> [INPUT DATA]
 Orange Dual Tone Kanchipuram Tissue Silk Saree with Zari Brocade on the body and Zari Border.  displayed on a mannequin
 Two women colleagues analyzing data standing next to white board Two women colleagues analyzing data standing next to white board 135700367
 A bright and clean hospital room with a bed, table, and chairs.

--

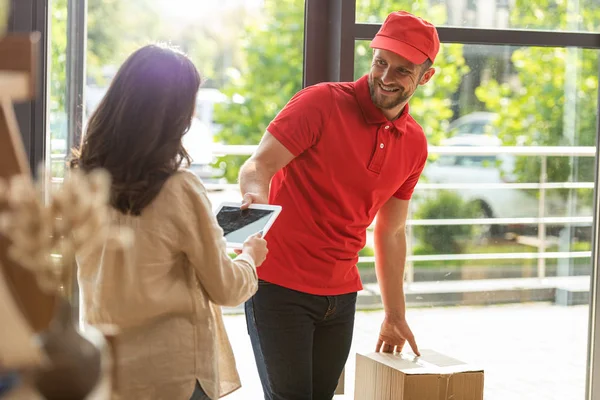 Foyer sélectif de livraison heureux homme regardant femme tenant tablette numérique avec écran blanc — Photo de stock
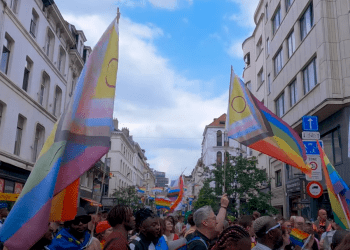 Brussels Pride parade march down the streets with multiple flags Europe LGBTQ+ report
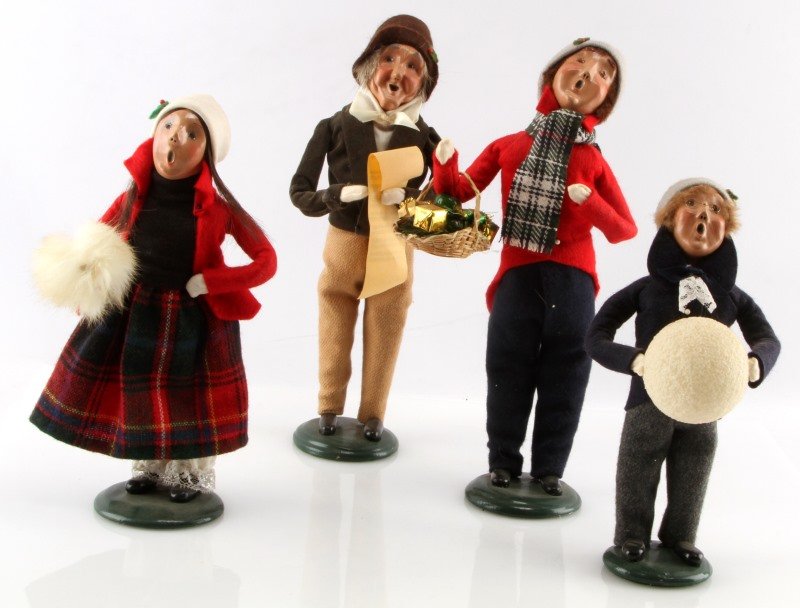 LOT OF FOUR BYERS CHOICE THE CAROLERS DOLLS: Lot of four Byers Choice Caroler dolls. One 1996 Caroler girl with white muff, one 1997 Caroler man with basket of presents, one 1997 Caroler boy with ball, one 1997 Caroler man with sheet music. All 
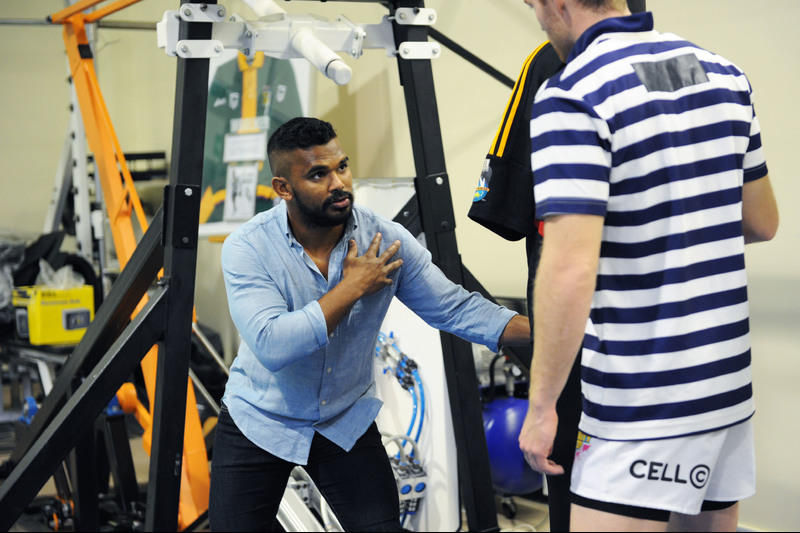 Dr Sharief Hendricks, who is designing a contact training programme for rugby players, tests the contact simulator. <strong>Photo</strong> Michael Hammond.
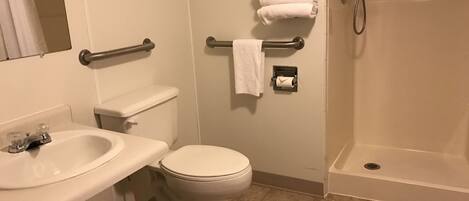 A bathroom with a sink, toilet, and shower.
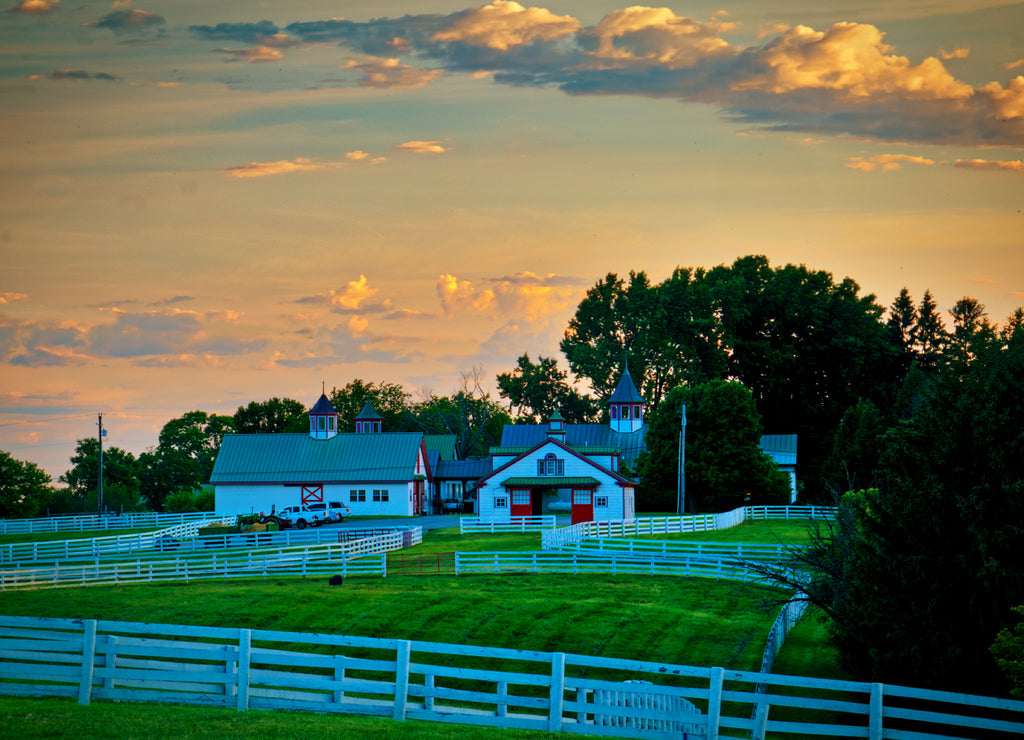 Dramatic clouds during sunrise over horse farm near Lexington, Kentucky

--

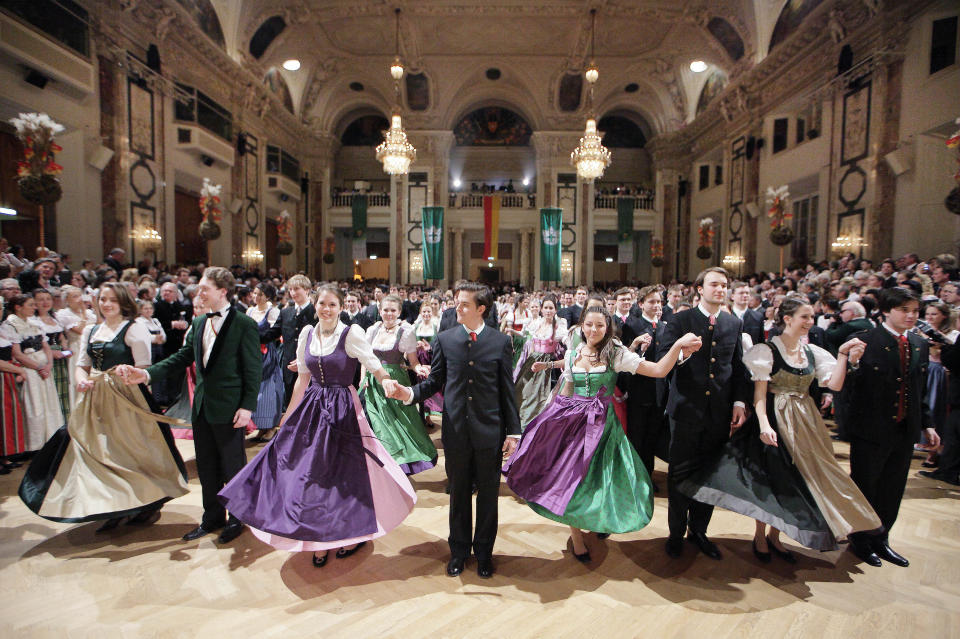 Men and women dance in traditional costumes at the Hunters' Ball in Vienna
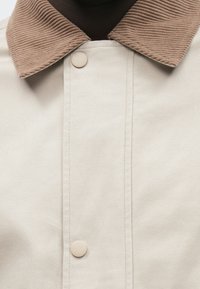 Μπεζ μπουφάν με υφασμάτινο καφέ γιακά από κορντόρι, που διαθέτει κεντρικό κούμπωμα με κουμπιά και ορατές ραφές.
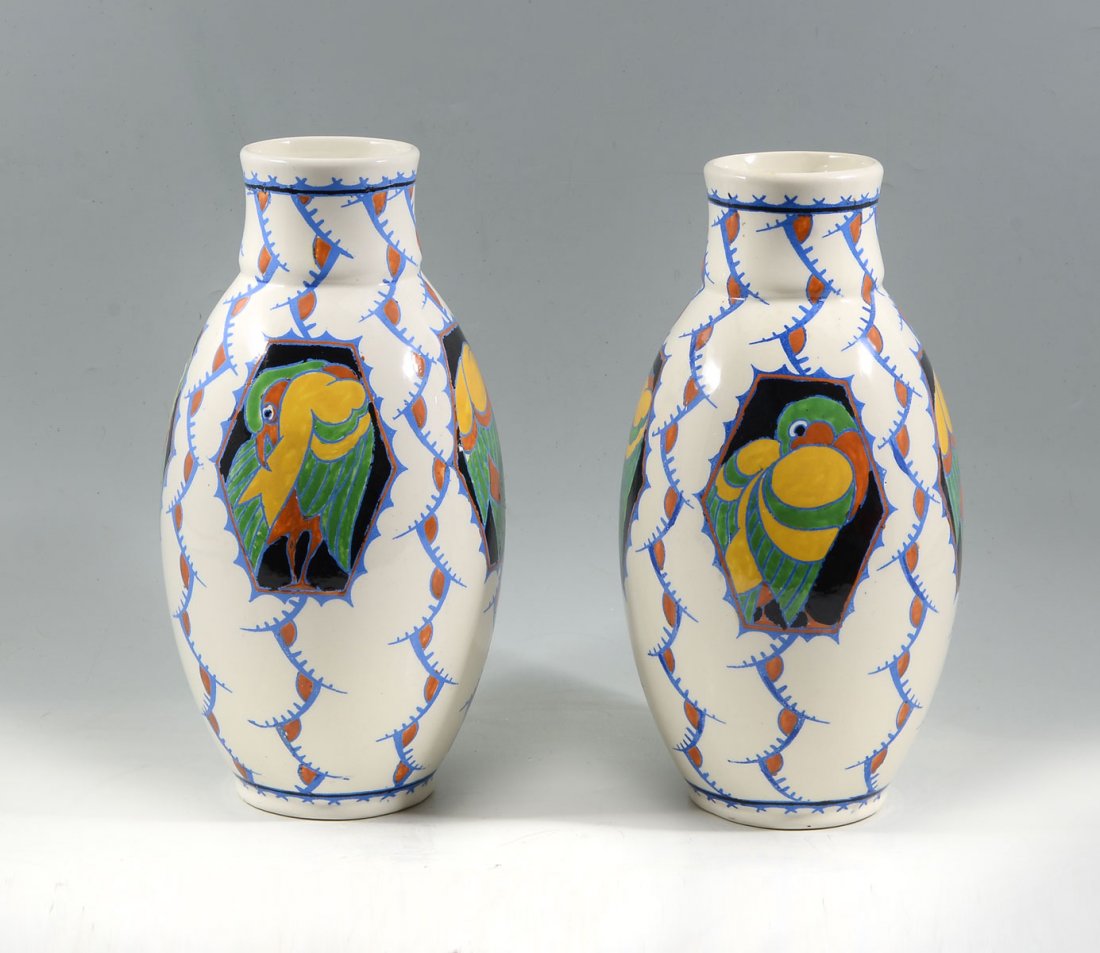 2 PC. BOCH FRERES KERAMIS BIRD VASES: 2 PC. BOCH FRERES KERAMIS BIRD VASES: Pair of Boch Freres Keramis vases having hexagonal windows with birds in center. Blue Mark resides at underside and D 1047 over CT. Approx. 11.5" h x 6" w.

> [YOUR OBJECTIVE] Within the material above, the line with "Orange Dual Tone" opens the range and the line with "A bright and" closes it; reproduce that range word for word.

> [FINAL ANSWER]
 Orange Dual Tone Kanchipuram Tissue Silk Saree with Zari Brocade on the body and Zari Border.  displayed on a mannequin
 Two women colleagues analyzing data standing next to white board Two women colleagues analyzing data standing next to white board 135700367
 A bright and clean hospital room with a bed, table, and chairs.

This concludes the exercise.